(Records from a data collection)
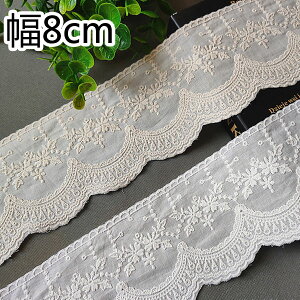 hJȃ[X2m 8cm hJȃ[X Rbg[X |p[X diy  fR nhCh ANZT[ ߑ  bsO J[e Jo[ |p  ޗ _X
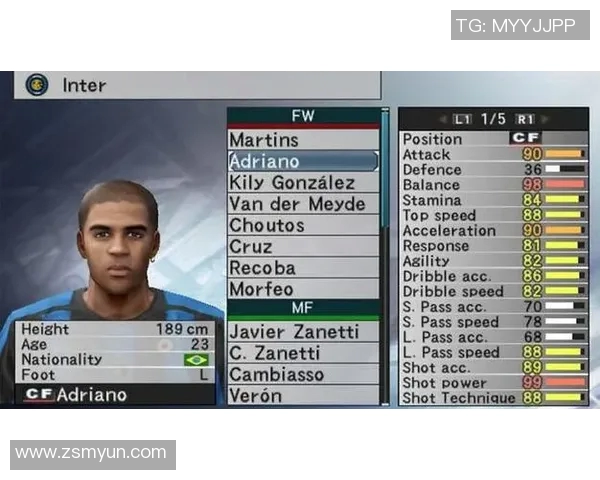 巴西历史上最伟大的体育明星排行榜及其辉煌成就解析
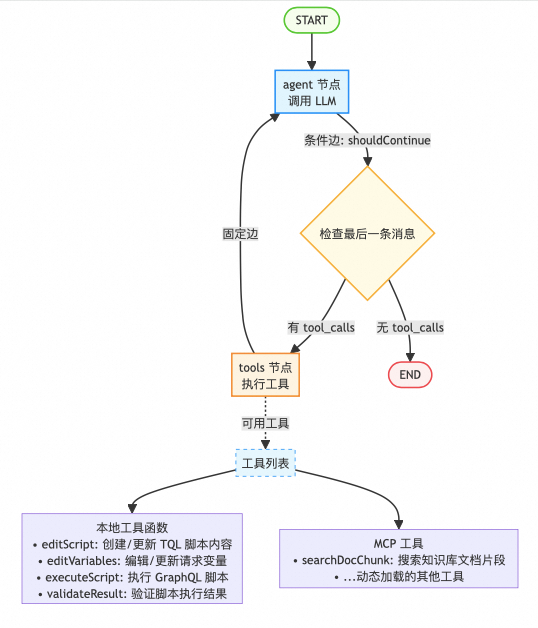 BFF Agent状态流程图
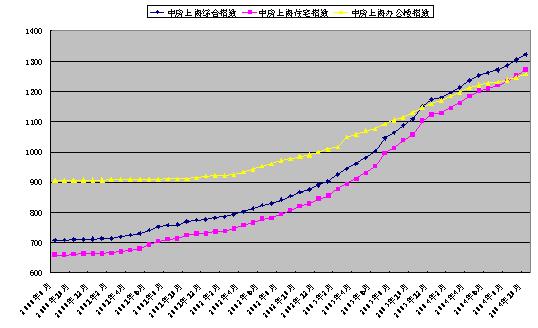 10月份宏观经济指数_2011年10月中国宏观经济指数(2)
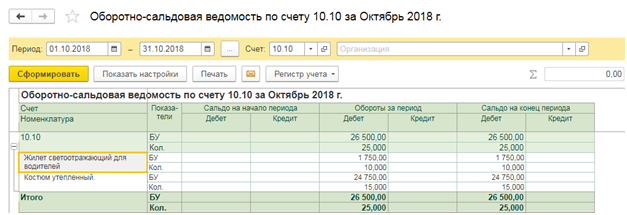 Передача хозяйственных принадлежностей и инвентаря в эксплуатацию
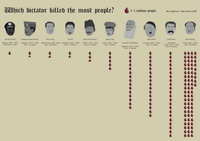 Morts par dictateurs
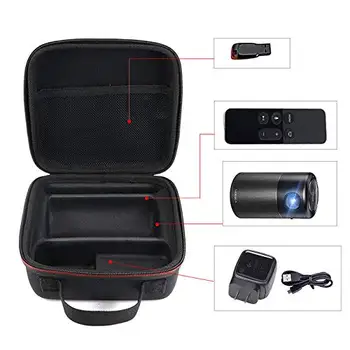 

2020 Hard Travelling Case Storage Case Protective Pouch Bag Carrying Case for Nebula Capsule Smart Mini Projector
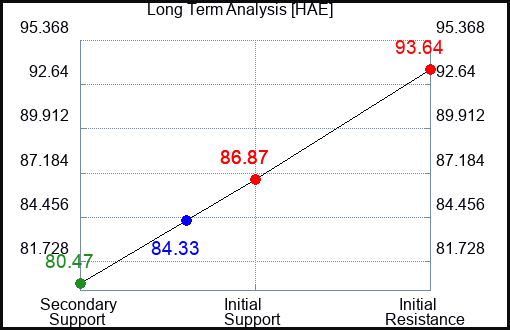 HAE Long Term Analysis for June 23 2023 HAE Long Term Analysis for June 23 2023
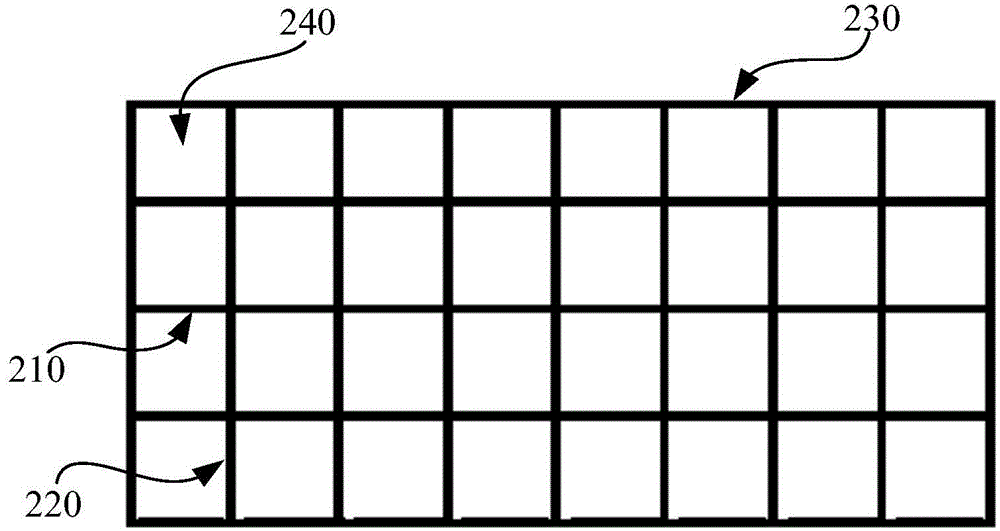 Two-dimensional code coding method, two-dimensional code decoding method and two-dimensional code print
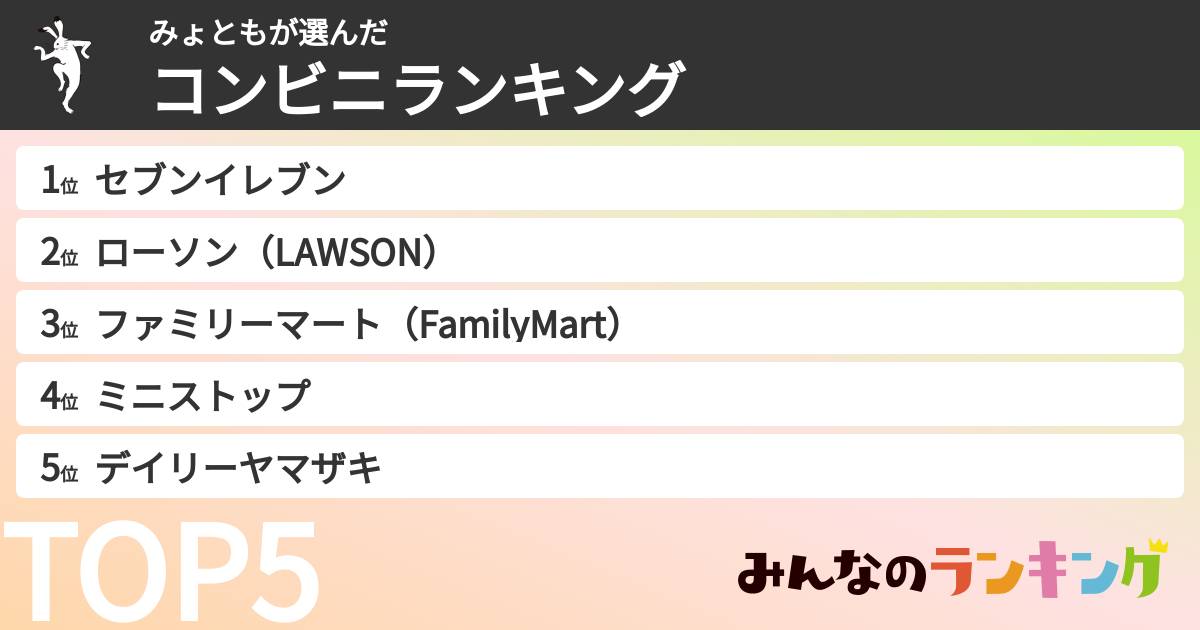 みょともさんの「コンビニランキング」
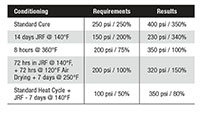Tensile Strength and % Elongation for 3M™ AC-350 Class A Aerospace Sealants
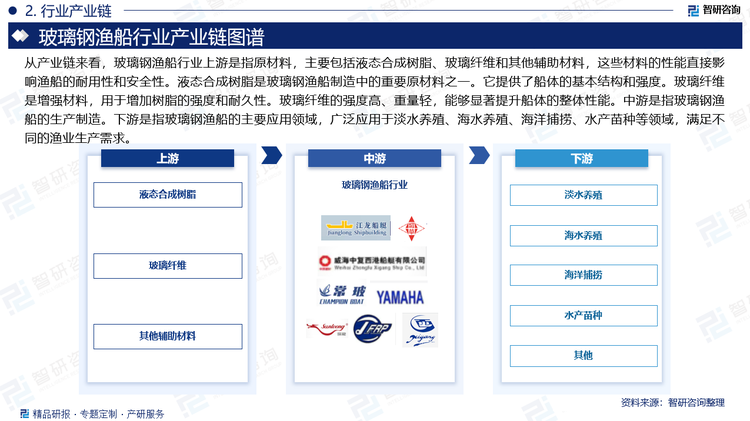 從產(chǎn)業(yè)鏈來(lái)看，玻璃鋼漁船行業(yè)上游是指原材料，主要包括液態(tài)合成樹(shù)脂、玻璃纖維和其他輔助材料，這些材料的性能直接影響漁船的耐用性和安全性。液態(tài)合成樹(shù)脂是玻璃鋼漁船制造中的重要原材料之一。它提供了船體的基本結(jié)構(gòu)和強(qiáng)度。玻璃纖維是增強(qiáng)材料，用于增加樹(shù)脂的強(qiáng)度和耐久性。玻璃纖維的強(qiáng)度高、重量輕，能夠顯著提升船體的整體性能。中游是指玻璃鋼漁船的生產(chǎn)制造。下游是指玻璃鋼漁船的主要應(yīng)用領(lǐng)域，廣泛應(yīng)用于淡水養(yǎng)殖、海水養(yǎng)殖、海洋捕撈、水產(chǎn)苗種等領(lǐng)域，滿足不同的漁業(yè)生產(chǎn)需求。
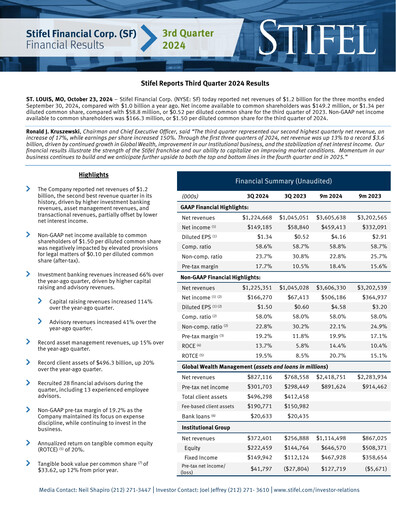Thumbnail Stifel
 Quarterly Report 2024-q3
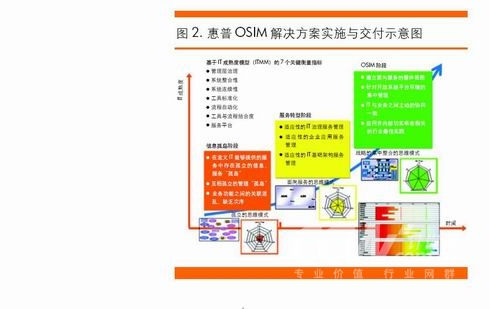 惠普开放平台集中管理(OSIM)解决方案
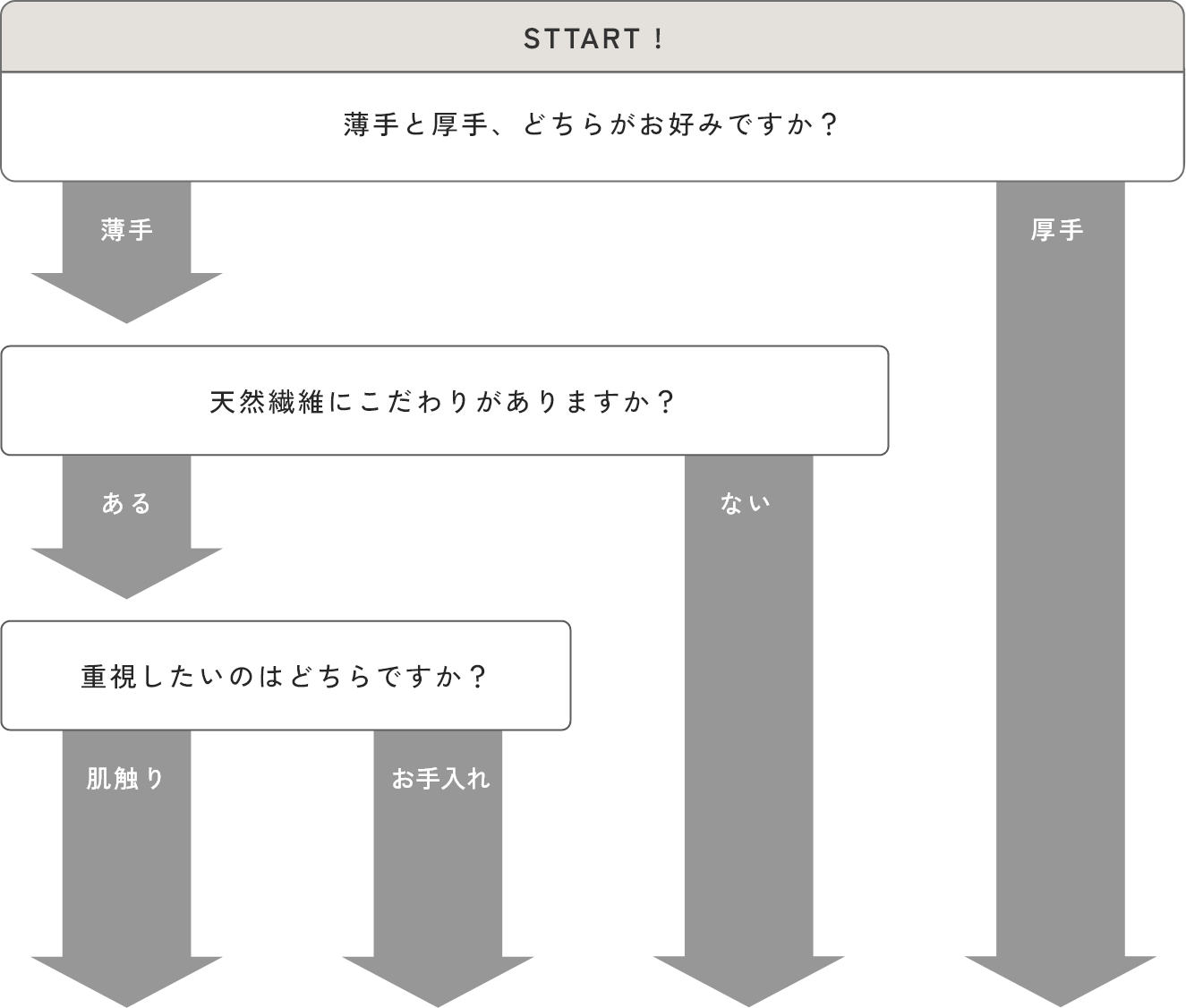 STTART!薄手と厚手、どちらがお好みですか？ 薄手 厚手 天然繊維にこだわりがありますか？ ある ない 重視したいのはどちらですか？ 肌触り お手入れ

Problem -> Each record should be written out again exactly, though without its pictures.

Task solution ->
 hJȃ[X2m 8cm hJȃ[X Rbg[X |p[X diy  fR nhCh ANZT[ ߑ  bsO J[e Jo[ |p  ޗ _X
 巴西历史上最伟大的体育明星排行榜及其辉煌成就解析
 BFF Agent状态流程图
 10月份宏观经济指数_2011年10月中国宏观经济指数(2)
 Передача хозяйственных принадлежностей и инвентаря в эксплуатацию
 Morts par dictateurs

2020 Hard Travelling Case Storage Case Protective Pouch Bag Carrying Case for Nebula Capsule Smart Mini Projector
 HAE Long Term Analysis for June 23 2023 HAE Long Term Analysis for June 23 2023
 Two-dimensional code coding method, two-dimensional code decoding method and two-dimensional code print
 みょともさんの「コンビニランキング」
Tensile Strength and % Elongation for 3M™ AC-350 Class A Aerospace Sealants
 從產(chǎn)業(yè)鏈來(lái)看，玻璃鋼漁船行業(yè)上游是指原材料，主要包括液態(tài)合成樹(shù)脂、玻璃纖維和其他輔助材料，這些材料的性能直接影響漁船的耐用性和安全性。液態(tài)合成樹(shù)脂是玻璃鋼漁船制造中的重要原材料之一。它提供了船體的基本結(jié)構(gòu)和強(qiáng)度。玻璃纖維是增強(qiáng)材料，用于增加樹(shù)脂的強(qiáng)度和耐久性。玻璃纖維的強(qiáng)度高、重量輕，能夠顯著提升船體的整體性能。中游是指玻璃鋼漁船的生產(chǎn)制造。下游是指玻璃鋼漁船的主要應(yīng)用領(lǐng)域，廣泛應(yīng)用于淡水養(yǎng)殖、海水養(yǎng)殖、海洋捕撈、水產(chǎn)苗種等領(lǐng)域，滿足不同的漁業(yè)生產(chǎn)需求。
Thumbnail Stifel
 Quarterly Report 2024-q3
 惠普开放平台集中管理(OSIM)解决方案
 STTART!薄手と厚手、どちらがお好みですか？ 薄手 厚手 天然繊維にこだわりがありますか？ ある ない 重視したいのはどちらですか？ 肌触り お手入れ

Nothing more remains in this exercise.